* Task instructions *
In the copy, leave out the pictures and repeat all records exactly.

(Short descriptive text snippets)
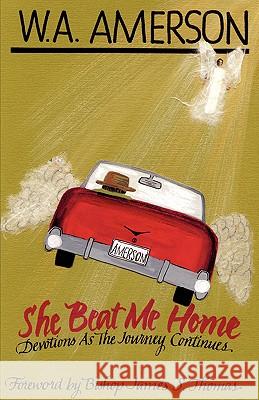 She Beat Me Home W. a. Amerson 9781600347856 Xulon Press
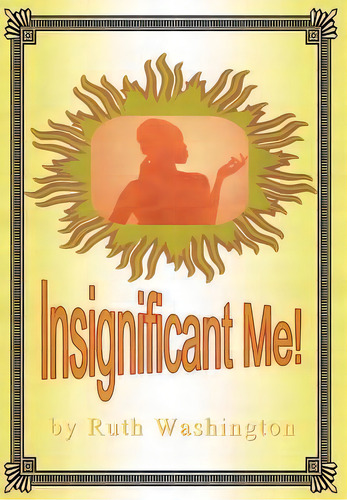 Insignificant Me!, De Ruth Washington. Editorial Authorhouse, Tapa Dura En Inglés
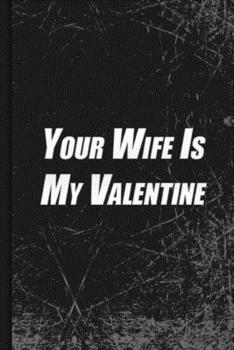 Your Wife Is My Valentine: Funny Notebook With Lines To Write A Gift With Humor Valentine Gift 100 Pages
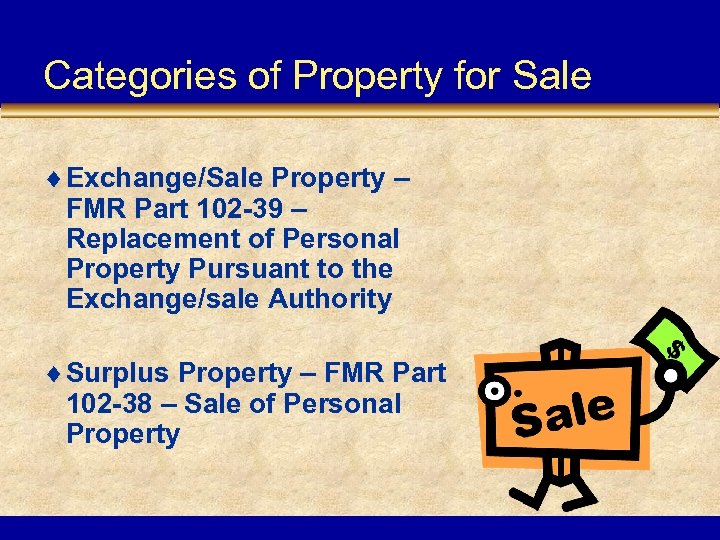 Categories of Property for Sale ¨ Exchange/Sale Property – FMR Part 102 -39 –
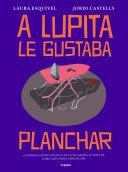 Cover of A Lupita le gustaba planchar
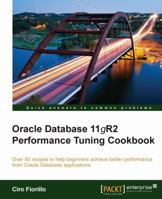 Oracle Database 11g R2 Performance Tuning Cookbook 1849682607 Book Cover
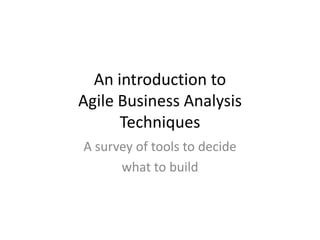 An introduction to Agile Business Analysis Techniques A survey of tools to decide  what to build 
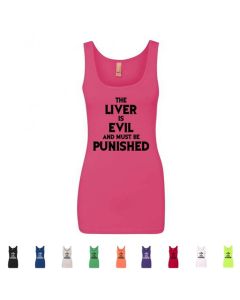 The Liver Is Evil and Must Be Punished Graphic Women's Tank Top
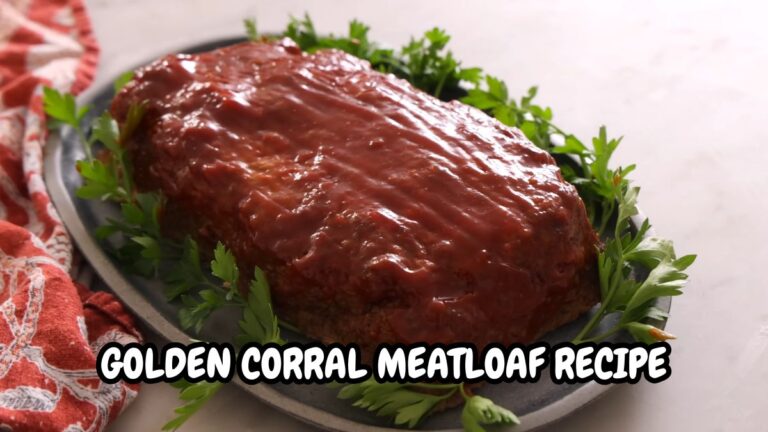 Golden Corral Meatloaf Recipe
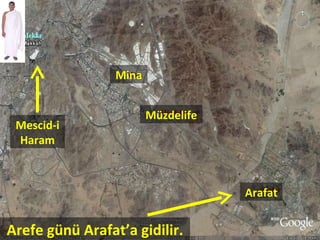 Arefe günü Arafat’a gidilir. Arafat Müzdelife Mina Mescid-i Haram 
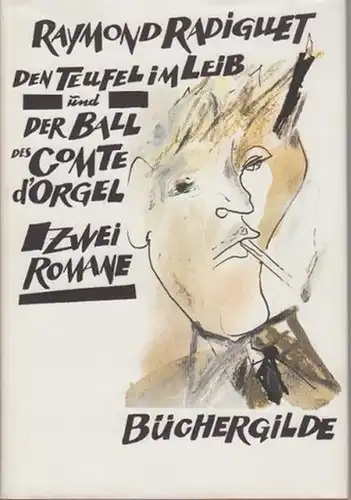 Sammet. - Radiguet, Raymond: Den Teufel im Leib und Der Ball des Comte d'Orgell : Zwei Romane. Mit 28 Zeichnungen von Volker Sammet. 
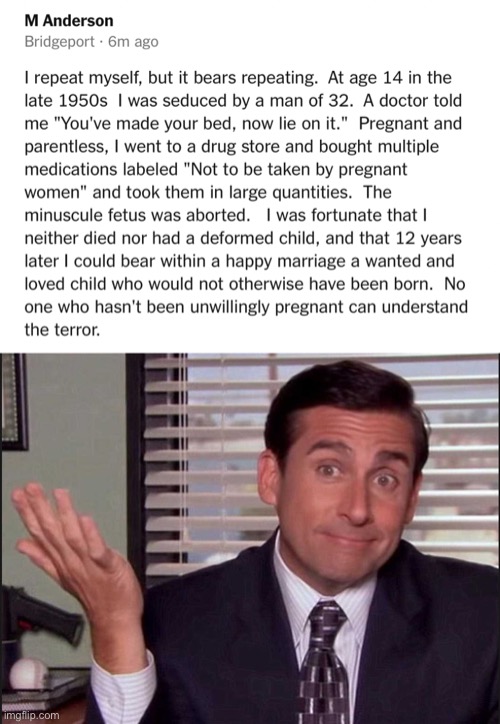 One woman’s pre-Roe story. You’ll hear more like it. | image tagged in pre-roe v wade,michael scott | made w/ Imgflip meme maker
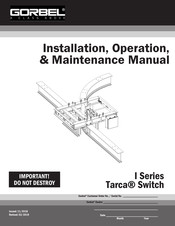 Gorbel Tarca I Series Installation, Operation & Maintenance Manual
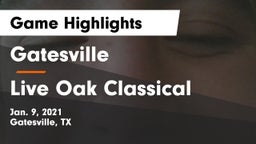 Gatesville  vs Live Oak Classical Game Highlights - Jan. 9, 2021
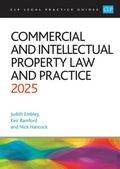 Cover: Commercial and Intellectual Property Law and Practice 2025 - The University of Law Publishing Limited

* Result *
 She Beat Me Home W. a. Amerson 9781600347856 Xulon Press
 Insignificant Me!, De Ruth Washington. Editorial Authorhouse, Tapa Dura En Inglés
 Your Wife Is My Valentine: Funny Notebook With Lines To Write A Gift With Humor Valentine Gift 100 Pages
 Categories of Property for Sale ¨ Exchange/Sale Property – FMR Part 102 -39 –
 Cover of A Lupita le gustaba planchar
 Oracle Database 11g R2 Performance Tuning Cookbook 1849682607 Book Cover
 An introduction to Agile Business Analysis Techniques A survey of tools to decide  what to build 
 The Liver Is Evil and Must Be Punished Graphic Women's Tank Top
 Golden Corral Meatloaf Recipe
 Arefe günü Arafat’a gidilir. Arafat Müzdelife Mina Mescid-i Haram 
 Sammet. - Radiguet, Raymond: Den Teufel im Leib und Der Ball des Comte d'Orgell : Zwei Romane. Mit 28 Zeichnungen von Volker Sammet. 
 One woman’s pre-Roe story. You’ll hear more like it. | image tagged in pre-roe v wade,michael scott | made w/ Imgflip meme maker
 Gorbel Tarca I Series Installation, Operation & Maintenance Manual
 Gatesville  vs Live Oak Classical Game Highlights - Jan. 9, 2021
 Cover: Commercial and Intellectual Property Law and Practice 2025 - The University of Law Publishing Limited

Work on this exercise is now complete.